Work required = In the entries that follow, find the line containing "Courbe de l'humidex pour Courcouronnes (91)" and the line containing "Statistics Highlighting Impact", then retype exactly the lines from the first through the second, pictures excluded.

Data for the task =
#####

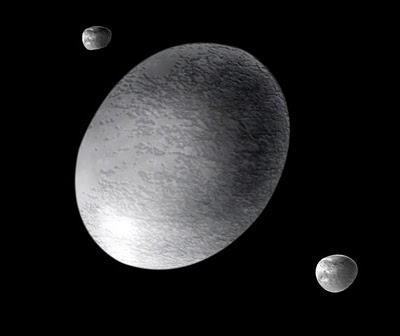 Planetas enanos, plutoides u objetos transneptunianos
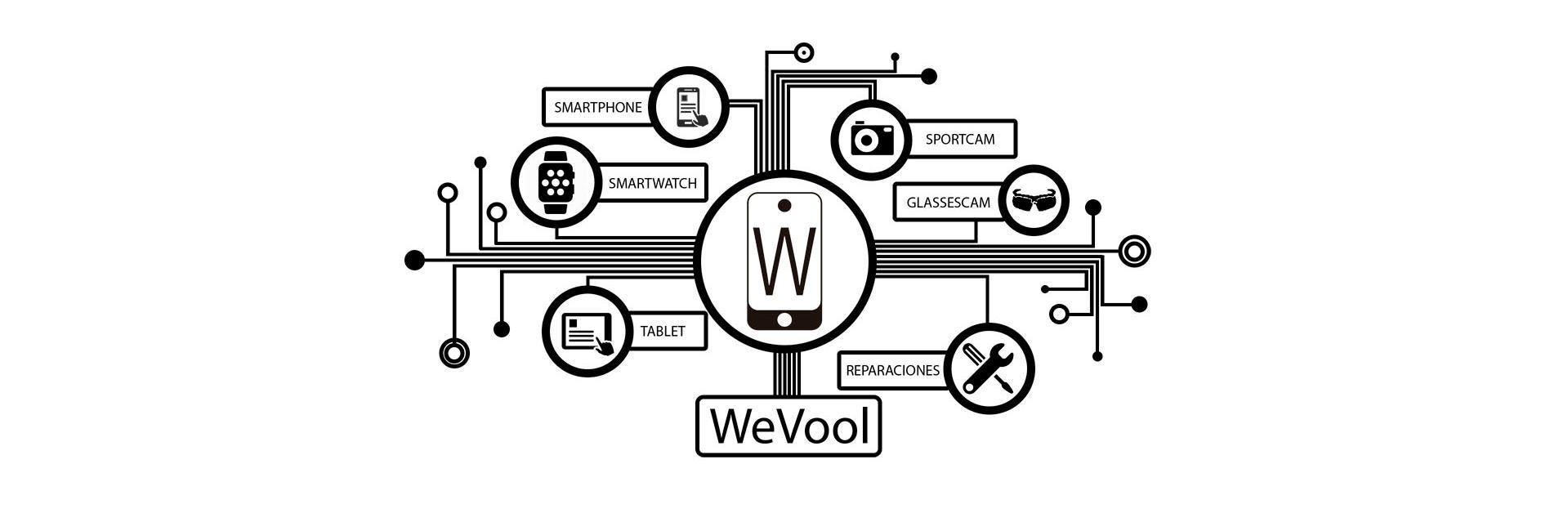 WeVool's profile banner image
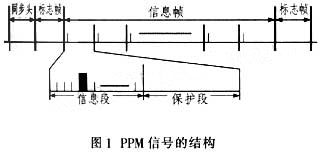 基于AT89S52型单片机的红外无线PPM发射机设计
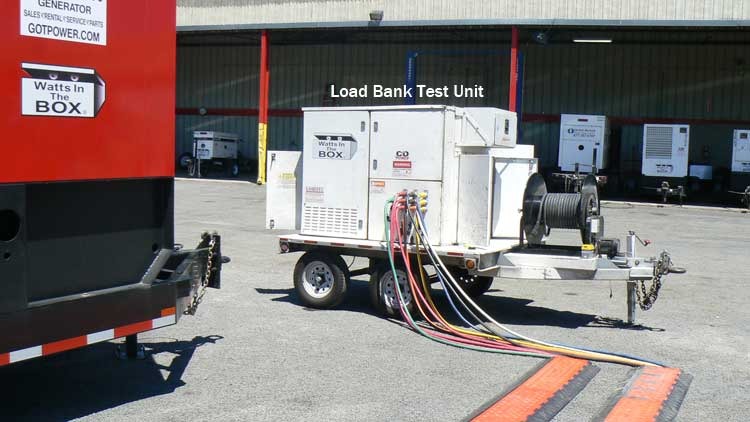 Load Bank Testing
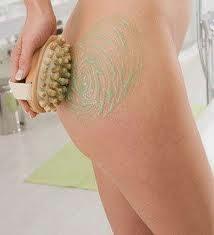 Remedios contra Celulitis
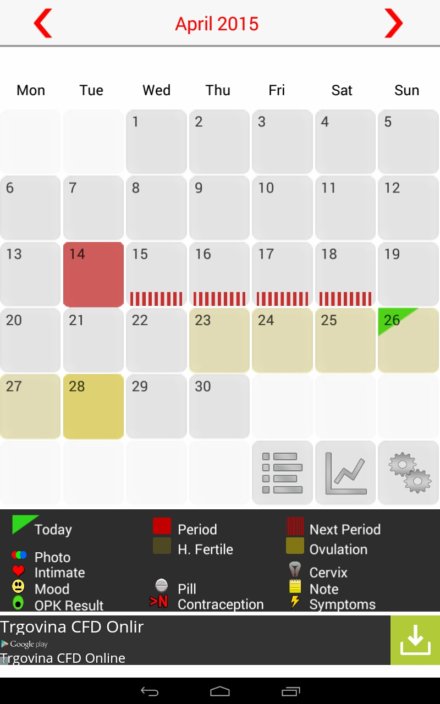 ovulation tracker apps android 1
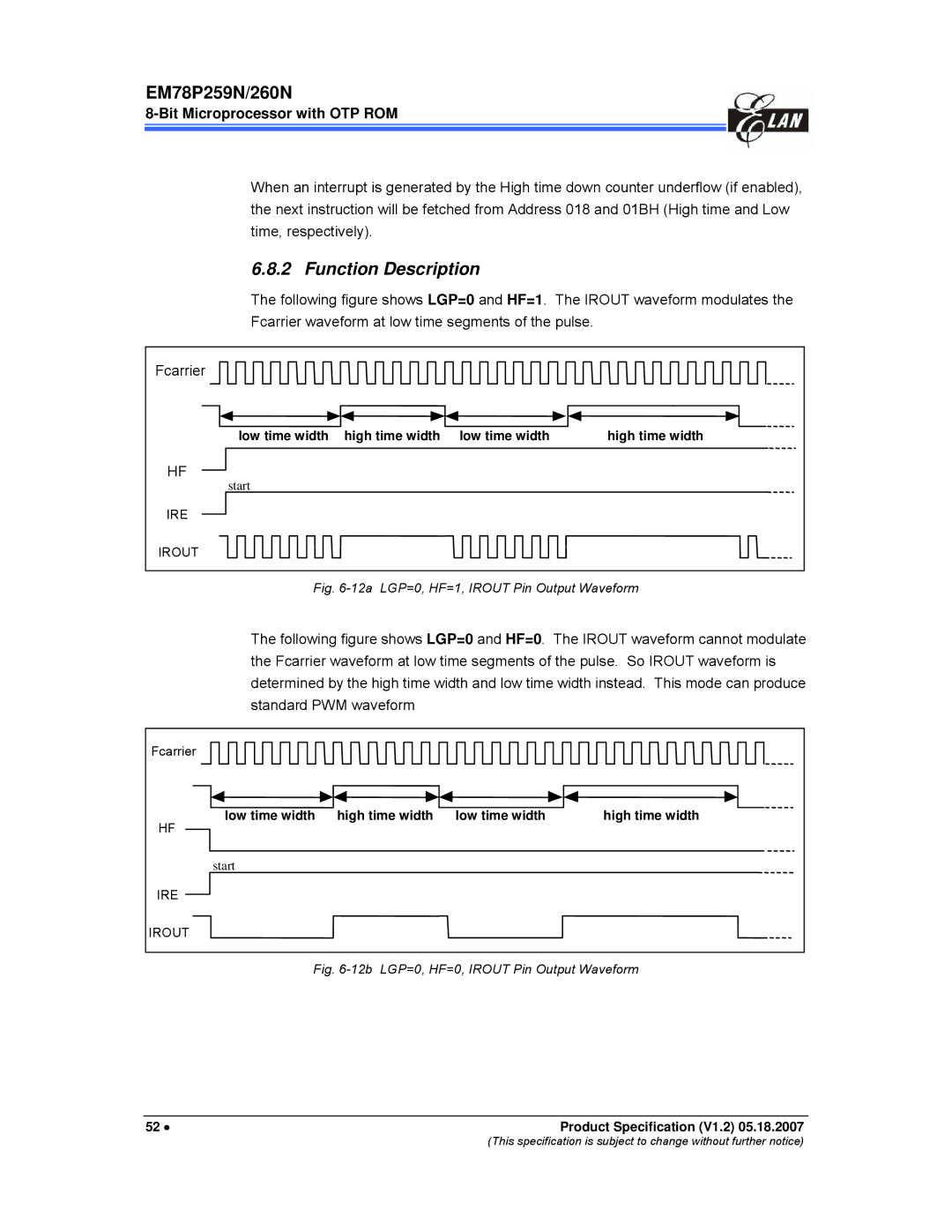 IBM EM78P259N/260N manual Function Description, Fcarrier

#####

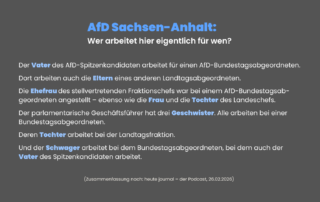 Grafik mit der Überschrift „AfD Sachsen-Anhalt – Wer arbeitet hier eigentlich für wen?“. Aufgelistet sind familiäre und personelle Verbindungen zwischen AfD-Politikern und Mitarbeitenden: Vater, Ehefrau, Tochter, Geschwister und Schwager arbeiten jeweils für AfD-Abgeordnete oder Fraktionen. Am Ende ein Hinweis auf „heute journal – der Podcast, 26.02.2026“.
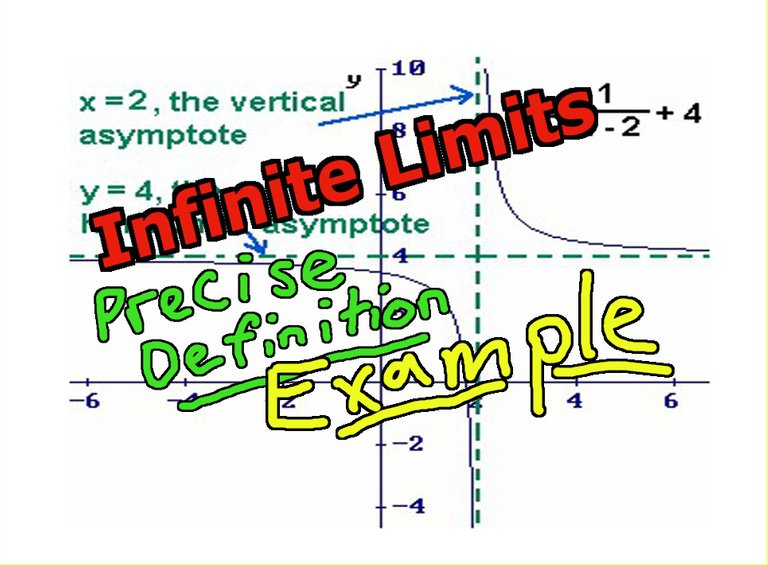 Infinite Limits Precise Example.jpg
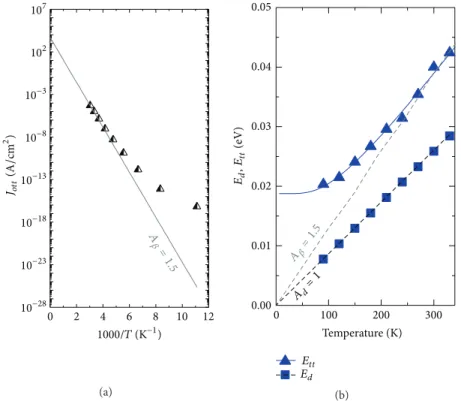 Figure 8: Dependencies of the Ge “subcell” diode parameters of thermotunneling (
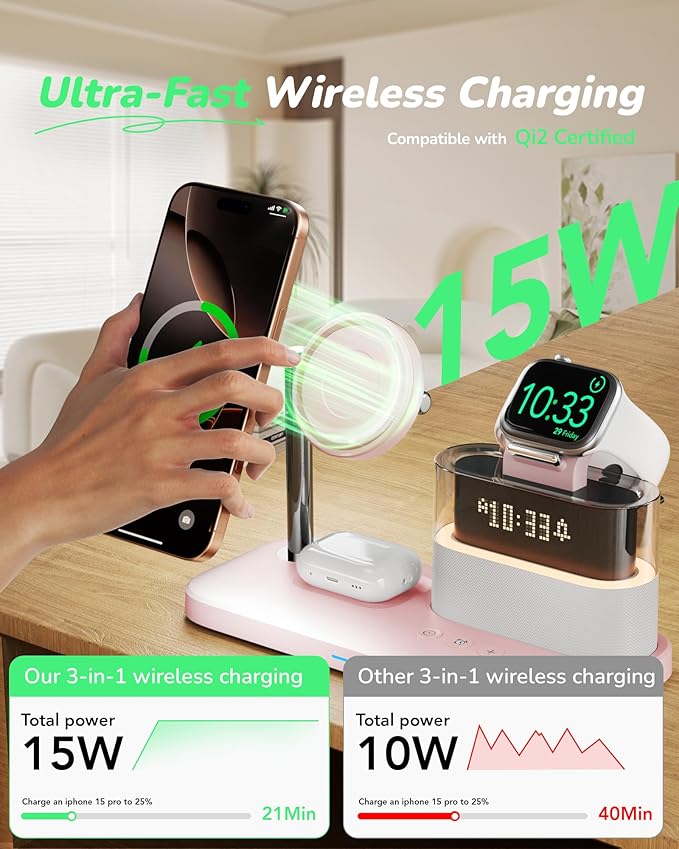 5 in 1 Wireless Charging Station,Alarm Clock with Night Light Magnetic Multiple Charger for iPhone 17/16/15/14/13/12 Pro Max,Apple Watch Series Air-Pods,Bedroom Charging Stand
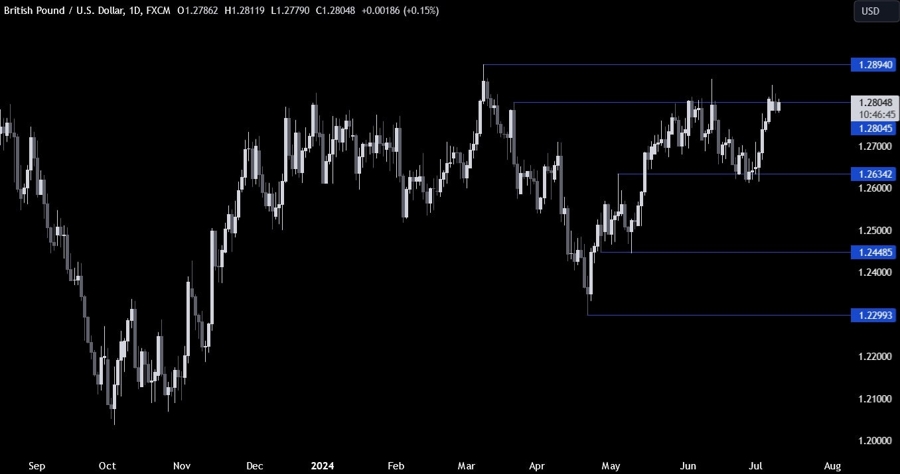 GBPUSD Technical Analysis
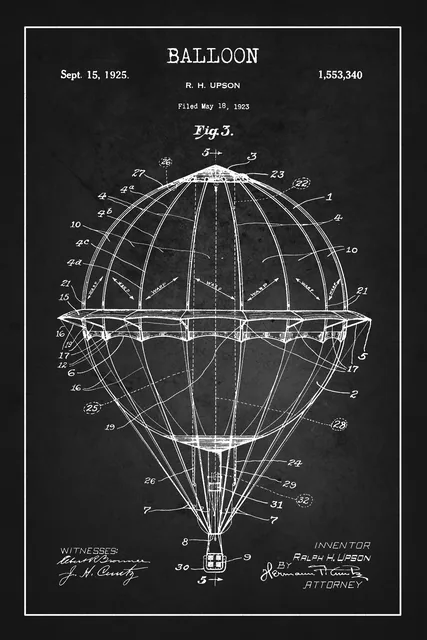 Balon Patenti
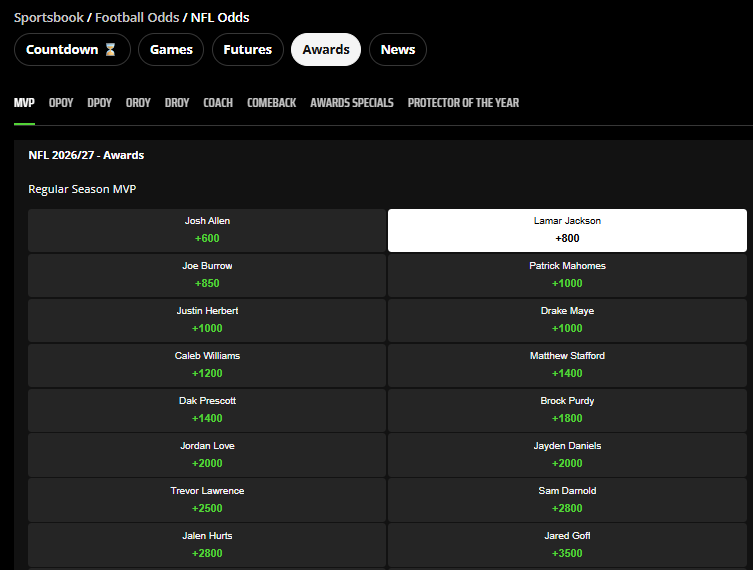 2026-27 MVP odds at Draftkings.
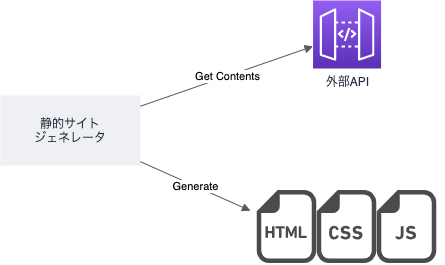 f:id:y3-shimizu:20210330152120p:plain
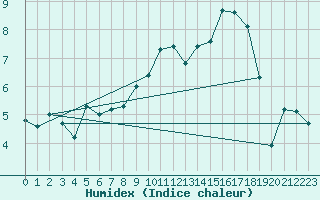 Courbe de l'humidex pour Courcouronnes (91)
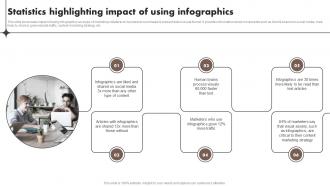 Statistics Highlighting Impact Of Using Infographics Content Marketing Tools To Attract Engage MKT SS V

#####

Worked solution =
 Courbe de l'humidex pour Courcouronnes (91)
 Statistics Highlighting Impact Of Using Infographics Content Marketing Tools To Attract Engage MKT SS V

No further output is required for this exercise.